WHAT TO WORK ON |
From the entries below, return only the lines starting at the one that contains "Read Release That Witch EN Manga Online" and ending at the one that contains "betafpv meteor75 pro o4 34", exactly as they stand.

DATASET RECORDS |
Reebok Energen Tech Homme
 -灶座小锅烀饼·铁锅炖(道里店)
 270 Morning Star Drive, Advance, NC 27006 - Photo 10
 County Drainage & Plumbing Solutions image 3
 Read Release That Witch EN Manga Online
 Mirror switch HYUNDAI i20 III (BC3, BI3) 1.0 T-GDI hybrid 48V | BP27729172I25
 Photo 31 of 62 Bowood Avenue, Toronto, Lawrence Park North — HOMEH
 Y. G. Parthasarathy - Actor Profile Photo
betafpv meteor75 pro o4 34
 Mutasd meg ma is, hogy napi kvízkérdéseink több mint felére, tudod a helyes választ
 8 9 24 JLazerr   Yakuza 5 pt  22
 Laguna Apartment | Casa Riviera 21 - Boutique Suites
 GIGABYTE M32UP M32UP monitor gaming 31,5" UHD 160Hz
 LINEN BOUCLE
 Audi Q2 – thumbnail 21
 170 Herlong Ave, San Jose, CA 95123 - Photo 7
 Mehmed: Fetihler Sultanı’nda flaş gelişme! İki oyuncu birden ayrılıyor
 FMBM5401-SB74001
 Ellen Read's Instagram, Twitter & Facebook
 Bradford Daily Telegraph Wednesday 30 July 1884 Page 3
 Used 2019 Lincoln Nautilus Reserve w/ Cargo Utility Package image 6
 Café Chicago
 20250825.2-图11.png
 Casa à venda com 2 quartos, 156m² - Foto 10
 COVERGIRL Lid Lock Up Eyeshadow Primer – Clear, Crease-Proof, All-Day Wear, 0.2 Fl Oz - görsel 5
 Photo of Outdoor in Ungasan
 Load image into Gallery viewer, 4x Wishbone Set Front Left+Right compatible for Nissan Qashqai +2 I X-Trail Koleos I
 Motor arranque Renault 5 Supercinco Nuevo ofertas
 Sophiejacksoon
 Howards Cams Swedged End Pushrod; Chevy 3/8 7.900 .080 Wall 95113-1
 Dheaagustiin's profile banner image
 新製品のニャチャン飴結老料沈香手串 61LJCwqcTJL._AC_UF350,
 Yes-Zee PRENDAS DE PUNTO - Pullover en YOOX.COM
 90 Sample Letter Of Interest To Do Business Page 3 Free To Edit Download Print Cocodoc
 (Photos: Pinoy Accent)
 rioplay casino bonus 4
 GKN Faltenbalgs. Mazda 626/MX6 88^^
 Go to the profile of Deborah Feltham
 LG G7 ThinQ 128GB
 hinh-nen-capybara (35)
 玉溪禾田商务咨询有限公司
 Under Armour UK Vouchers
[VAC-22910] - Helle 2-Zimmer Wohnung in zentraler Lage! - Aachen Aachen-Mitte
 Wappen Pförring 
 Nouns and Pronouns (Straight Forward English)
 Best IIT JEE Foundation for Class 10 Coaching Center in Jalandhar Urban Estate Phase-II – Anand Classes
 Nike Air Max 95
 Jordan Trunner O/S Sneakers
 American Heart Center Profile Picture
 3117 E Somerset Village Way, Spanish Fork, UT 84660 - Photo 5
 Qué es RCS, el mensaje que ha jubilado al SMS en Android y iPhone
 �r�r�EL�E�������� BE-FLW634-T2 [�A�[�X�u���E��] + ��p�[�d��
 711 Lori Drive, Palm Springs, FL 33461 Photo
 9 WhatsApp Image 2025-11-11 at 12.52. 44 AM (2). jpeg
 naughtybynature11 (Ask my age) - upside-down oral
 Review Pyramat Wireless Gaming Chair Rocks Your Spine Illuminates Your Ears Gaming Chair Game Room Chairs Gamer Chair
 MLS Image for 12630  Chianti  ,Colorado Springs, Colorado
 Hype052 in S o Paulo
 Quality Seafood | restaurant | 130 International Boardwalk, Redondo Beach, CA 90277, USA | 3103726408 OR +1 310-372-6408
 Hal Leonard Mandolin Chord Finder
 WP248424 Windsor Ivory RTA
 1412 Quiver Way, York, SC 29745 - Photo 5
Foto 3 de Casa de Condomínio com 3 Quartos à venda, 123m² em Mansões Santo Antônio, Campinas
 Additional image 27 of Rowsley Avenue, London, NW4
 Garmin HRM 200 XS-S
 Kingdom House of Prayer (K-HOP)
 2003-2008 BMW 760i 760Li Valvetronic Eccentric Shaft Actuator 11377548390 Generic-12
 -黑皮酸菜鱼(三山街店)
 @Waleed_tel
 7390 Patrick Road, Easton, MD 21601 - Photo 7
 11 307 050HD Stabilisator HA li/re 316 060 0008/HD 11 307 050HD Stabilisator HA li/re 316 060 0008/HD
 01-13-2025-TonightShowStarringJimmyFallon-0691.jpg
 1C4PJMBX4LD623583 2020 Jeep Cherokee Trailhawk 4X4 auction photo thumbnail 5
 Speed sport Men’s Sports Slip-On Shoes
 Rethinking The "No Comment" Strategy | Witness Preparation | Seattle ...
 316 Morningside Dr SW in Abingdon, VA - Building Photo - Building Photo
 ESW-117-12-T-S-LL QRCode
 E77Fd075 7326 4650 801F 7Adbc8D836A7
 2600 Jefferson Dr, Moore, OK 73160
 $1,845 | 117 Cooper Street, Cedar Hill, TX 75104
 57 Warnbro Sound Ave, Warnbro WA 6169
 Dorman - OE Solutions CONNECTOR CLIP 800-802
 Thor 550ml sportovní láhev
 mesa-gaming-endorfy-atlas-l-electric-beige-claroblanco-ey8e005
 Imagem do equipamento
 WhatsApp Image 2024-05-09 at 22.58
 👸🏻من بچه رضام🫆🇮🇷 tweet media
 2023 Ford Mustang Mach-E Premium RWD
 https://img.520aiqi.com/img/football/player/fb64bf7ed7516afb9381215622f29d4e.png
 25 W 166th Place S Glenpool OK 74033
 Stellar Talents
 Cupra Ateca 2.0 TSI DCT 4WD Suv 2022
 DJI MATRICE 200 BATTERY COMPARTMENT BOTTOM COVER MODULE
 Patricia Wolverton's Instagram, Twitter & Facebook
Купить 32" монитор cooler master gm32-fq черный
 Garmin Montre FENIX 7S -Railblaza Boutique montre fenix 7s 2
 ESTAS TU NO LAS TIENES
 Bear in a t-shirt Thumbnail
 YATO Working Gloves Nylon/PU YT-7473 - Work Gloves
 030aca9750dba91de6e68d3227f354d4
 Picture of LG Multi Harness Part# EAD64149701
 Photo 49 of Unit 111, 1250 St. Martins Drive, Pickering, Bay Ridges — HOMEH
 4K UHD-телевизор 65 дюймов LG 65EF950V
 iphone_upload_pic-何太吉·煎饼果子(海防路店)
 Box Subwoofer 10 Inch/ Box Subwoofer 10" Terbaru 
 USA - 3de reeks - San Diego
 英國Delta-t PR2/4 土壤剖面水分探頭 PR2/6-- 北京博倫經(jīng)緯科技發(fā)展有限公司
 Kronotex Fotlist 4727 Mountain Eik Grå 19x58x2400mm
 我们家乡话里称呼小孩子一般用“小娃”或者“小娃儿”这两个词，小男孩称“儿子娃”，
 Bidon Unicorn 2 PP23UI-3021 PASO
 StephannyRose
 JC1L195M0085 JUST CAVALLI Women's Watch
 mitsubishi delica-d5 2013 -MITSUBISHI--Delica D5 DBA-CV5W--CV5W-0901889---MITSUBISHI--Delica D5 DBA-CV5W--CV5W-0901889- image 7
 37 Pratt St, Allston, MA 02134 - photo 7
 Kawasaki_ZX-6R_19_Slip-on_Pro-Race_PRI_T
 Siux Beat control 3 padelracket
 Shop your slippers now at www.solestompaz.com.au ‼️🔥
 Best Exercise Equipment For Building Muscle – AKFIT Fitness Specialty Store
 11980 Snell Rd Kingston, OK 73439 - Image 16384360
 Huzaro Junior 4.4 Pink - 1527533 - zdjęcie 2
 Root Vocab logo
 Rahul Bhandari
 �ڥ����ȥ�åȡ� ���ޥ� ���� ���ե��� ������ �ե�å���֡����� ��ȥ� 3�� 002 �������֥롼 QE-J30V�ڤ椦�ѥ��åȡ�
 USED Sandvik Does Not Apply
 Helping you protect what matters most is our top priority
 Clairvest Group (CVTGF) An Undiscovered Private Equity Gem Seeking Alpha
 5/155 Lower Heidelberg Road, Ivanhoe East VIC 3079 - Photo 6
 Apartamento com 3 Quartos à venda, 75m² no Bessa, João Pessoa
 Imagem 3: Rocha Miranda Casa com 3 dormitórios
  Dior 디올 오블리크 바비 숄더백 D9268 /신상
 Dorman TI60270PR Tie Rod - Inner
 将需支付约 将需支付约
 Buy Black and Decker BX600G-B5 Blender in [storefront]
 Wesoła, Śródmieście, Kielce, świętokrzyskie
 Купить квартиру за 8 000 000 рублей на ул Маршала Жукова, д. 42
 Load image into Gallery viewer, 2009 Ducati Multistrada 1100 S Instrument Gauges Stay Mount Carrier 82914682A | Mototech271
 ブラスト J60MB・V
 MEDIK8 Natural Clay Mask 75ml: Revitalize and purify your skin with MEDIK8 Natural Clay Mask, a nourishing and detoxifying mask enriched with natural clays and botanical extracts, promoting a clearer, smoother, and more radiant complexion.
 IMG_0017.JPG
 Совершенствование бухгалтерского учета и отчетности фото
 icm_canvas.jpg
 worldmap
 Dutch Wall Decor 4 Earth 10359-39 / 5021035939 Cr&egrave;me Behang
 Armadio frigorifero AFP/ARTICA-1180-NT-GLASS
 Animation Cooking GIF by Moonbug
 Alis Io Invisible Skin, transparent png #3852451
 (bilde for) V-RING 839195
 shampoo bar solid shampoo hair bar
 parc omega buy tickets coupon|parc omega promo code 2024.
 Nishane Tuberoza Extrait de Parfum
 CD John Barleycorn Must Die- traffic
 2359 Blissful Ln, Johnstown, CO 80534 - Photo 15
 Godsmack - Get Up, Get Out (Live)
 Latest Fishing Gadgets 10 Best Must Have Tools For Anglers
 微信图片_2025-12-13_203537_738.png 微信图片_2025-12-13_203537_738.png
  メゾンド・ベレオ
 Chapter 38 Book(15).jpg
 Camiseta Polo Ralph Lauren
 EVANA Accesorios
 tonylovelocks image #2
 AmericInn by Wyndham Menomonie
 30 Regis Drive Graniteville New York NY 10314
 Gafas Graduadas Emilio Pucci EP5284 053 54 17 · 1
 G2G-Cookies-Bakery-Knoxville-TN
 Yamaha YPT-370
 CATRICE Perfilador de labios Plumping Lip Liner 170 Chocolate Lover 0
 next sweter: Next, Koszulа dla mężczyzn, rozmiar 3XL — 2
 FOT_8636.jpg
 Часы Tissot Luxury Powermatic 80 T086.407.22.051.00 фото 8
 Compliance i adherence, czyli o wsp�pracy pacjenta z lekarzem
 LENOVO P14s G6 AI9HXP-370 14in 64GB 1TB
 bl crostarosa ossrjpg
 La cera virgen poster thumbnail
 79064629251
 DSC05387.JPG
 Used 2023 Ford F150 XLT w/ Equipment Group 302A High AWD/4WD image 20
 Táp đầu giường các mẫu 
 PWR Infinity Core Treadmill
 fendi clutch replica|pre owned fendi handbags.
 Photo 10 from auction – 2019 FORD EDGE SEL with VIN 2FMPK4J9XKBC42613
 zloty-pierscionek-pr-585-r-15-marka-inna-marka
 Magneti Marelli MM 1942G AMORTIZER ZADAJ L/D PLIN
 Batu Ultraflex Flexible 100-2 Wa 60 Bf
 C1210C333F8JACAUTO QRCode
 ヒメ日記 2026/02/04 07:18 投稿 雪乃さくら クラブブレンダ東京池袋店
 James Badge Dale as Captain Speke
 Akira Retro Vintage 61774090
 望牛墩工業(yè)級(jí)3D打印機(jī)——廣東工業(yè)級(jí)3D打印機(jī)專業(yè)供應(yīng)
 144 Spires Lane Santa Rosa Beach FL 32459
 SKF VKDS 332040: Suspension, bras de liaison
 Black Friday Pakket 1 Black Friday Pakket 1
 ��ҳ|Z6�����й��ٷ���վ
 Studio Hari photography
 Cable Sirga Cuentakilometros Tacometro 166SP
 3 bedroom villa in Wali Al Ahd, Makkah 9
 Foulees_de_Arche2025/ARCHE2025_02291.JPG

WRITTEN ANSWER |
 Read Release That Witch EN Manga Online
 Mirror switch HYUNDAI i20 III (BC3, BI3) 1.0 T-GDI hybrid 48V | BP27729172I25
 Photo 31 of 62 Bowood Avenue, Toronto, Lawrence Park North — HOMEH
 Y. G. Parthasarathy - Actor Profile Photo
betafpv meteor75 pro o4 34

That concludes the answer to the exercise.